I think there is still the minor complication that Warner is really not involved with any of the work done on MY FAIR LADY. The movie is a CBS property, and it was them that bankrolled Robert Harris and all the restoration work he did on the film. The brief 70mm (and 35mm reduction) reissue in the '90's was released by 20th Century-Fox, who at the time were partnered with CBS for VHS and laserdisc, so they essentially used the reissue as advertising for their homevideo release. WB apparently made a deal with CBS to release MY FAIR LADY on DVD during the period when CBS ended their deal with Fox but had not yet set up shop for their titles elsewhere; the merger with Viacom/Paramount had not yet taken effect, and Paramount was still not quite ready to commit to DVD at the time anyway.
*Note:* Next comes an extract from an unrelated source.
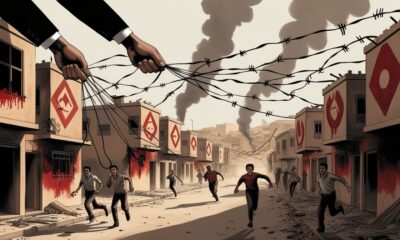 Ilustrasi editorial tentang konflik sektarian di Homs yang digambarkan sebagai permainan boneka, dengan tangan bayangan mengendalikan benang-benang yang menyalakan kekacauan di permukiman warga.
You can still find Paramount VHS editions of MY FAIR LADY from the dying days of the format, released after the WB DVD came out, so the WB deal is only for DVD. And to the best of my knowledge, WB did not put any work of their own into the release beyond, say, formatting menus or packaging layouts.

As such, I don't know how long WB's rights to handle the movie on DVD last - I have the sneaky feeling CBS might be holding out on them, hoping to reissue their own "re-remastered" edition through sister company Paramount when the deal does lapse.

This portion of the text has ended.